As Los Angeles Bishop Robert Barron has pointed out, rad trads have used their media platforms to “ruthlessly criticize the pope and bishops, and question the authority of the Second Vatican Council, often to the point of repudiation.” These groups have been prominent in the far right and are part of a much longer tradition of opposition to Vatican II reforms that included the excommunication of Archbishop Marcel Lefebvre by Pope John Paul II in 1988. The Remnant, especially, engages in Covid conspiracies, attacks Pope Francis relentlessly, attacks Vatican II, and pushes respect for former apostolic nuncio to the US Archbishop Carlo Maria Viganò over the pope. 

In 2018 Viganò called on Pope Francis to resign, claiming that he tolerated a known sexual abuser and, of course, he attacked Vatican II along the way. In the lead-up to the 2020 election, his actions grew progressively more extreme, including:

These are QAnon-linked conspiracies, something Viganò uses frequently. Not only does The Remnant promote him repeatedly, but bishops like Athanasius Schneider of Kazakhstan and Joseph Strickland of Tully, Texas (prominent for his support of Jim Caviezel’s QAnon speech last month) support him. 

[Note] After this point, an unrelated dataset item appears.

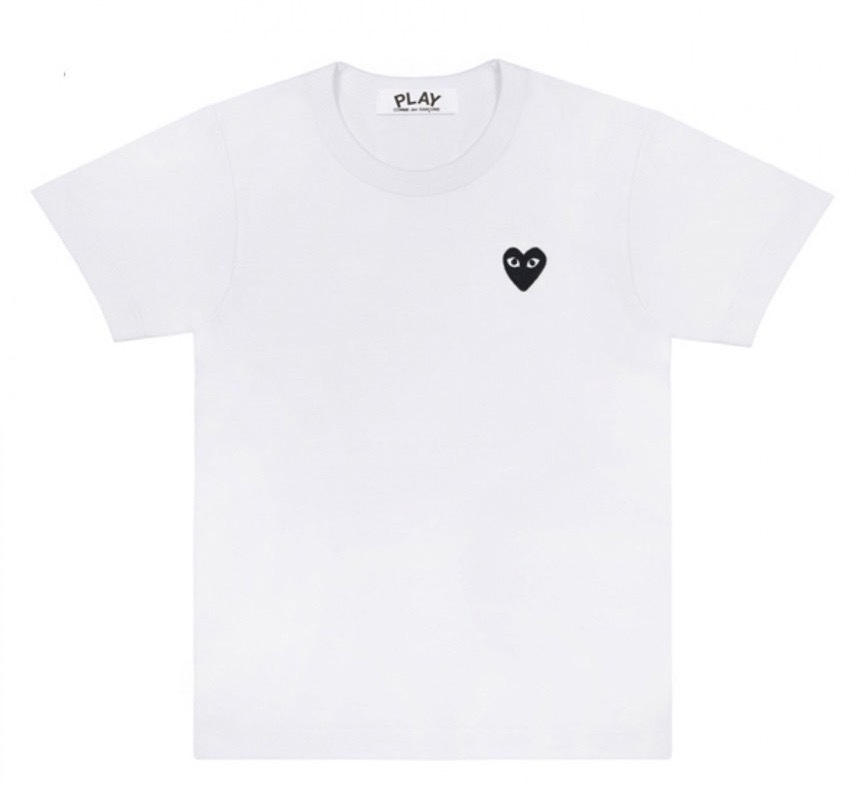 コムデギャルソン★プレイ★PLAY★Tシャツ★トップス拍卖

This kind of behavior, an effectively open ideological war within the Church against the Pope, may feel quite foreign now, but it has happened before—repeatedly. A short history lesson may serve as a warning for those tempted to close their eyes and hope this latest far-right uprising goes away. In the Middle Ages, for example, internal battles spread from discussions of theology to full blown anti-papal apocalypticism—a debate over apostolic poverty in the 14th century ended with schismatics calling Pope John XXII the Antichrist, openly declaring that the pope himself was a heretic, and calling in the Holy Roman Empire to intervene. 

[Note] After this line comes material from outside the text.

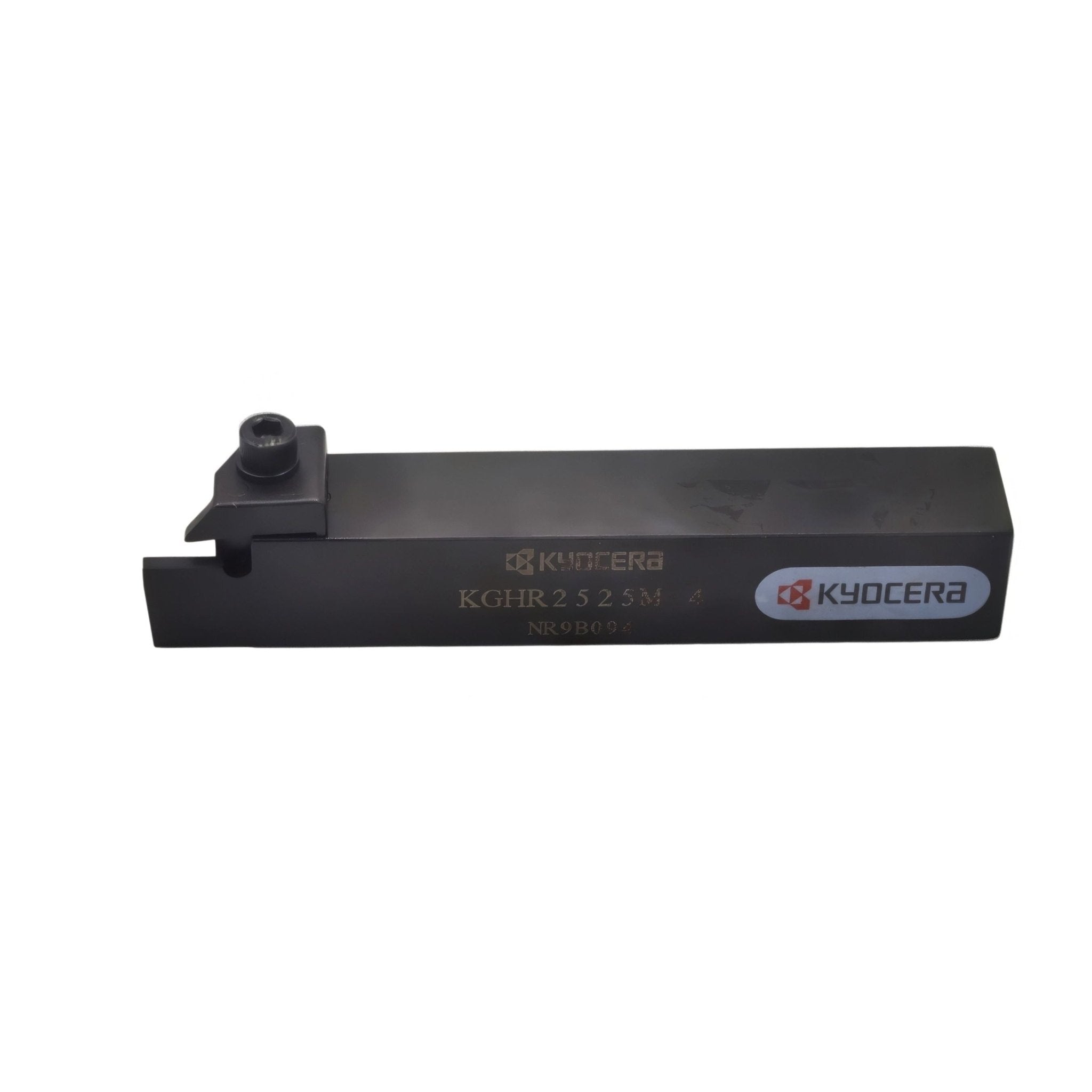 Kyocera KGHR2525M-4 External Grooving Toolholder - Twin Eagle Imports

That kind of language can be heard once again, not only in The Remnant, where Pope Francis has been called a tool of Satan, among other insults; but also from the popular conservative Catholic YouTuber and traditionalist Taylor Marshall (who was appointed to the Trump reelection campaign’s Catholic Advisory Board); from former President Donald Trump; and, of course, from Archbishop Viganó.

While the Middle Ages may feel very distant, the amping up of apocalyptic rhetoric in a struggle over the papacy and the direction of the church is very current—and hoping a consensus can be found will no more serve Pope Francis than hoping that radicalization will remain an internal Catholic issue will work for the rest of us. In other words, waiting around for harmony is likely to harm everyone—even non-Catholics.

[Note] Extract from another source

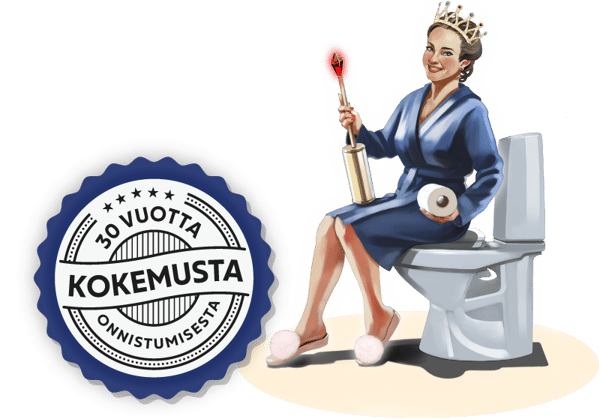 Asiakaskokemukset - Blosius 30 vuotta kokemusta onnistumisesta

John XXII’s conflict with these heretics lasted from the start of his papacy until four years before his death—thirteen years of fighting in both theology and open battle. While one can hope Francis won’t be plagued by QAnon-affiliated radical traditionalists that long, the Catholic far-right in the United States is growing. Figures like Viganò, while influential, are very visibly fringe, as are The Remnant and other so-called “rad trads,” but they all represent fertile ground for QAnon’s influence to continue to grow

More worrisome, though, is the way that American culture wars spread into conservative Catholic circles and drive them into the arms of QAnon rhetoric. Archbishop José H. Gomez concluded his recent controversial, anti-“woke” speech by warning, “we are seeing signs of an authentic religious awakening going on in America, underneath all the controversy of our politics, the continued clouds of the pandemic, all the uncertainty about where our country is heading.” 

That “authentic religious awakening,” in the context of a right-wing grievance-laden talk? One can only hope it will be something other than the awakening of more Qatholics.

*Full disclosure: Kathryn Joyce is editor of The Public Eye, a publication of Political Research Associates, which also publishes RD.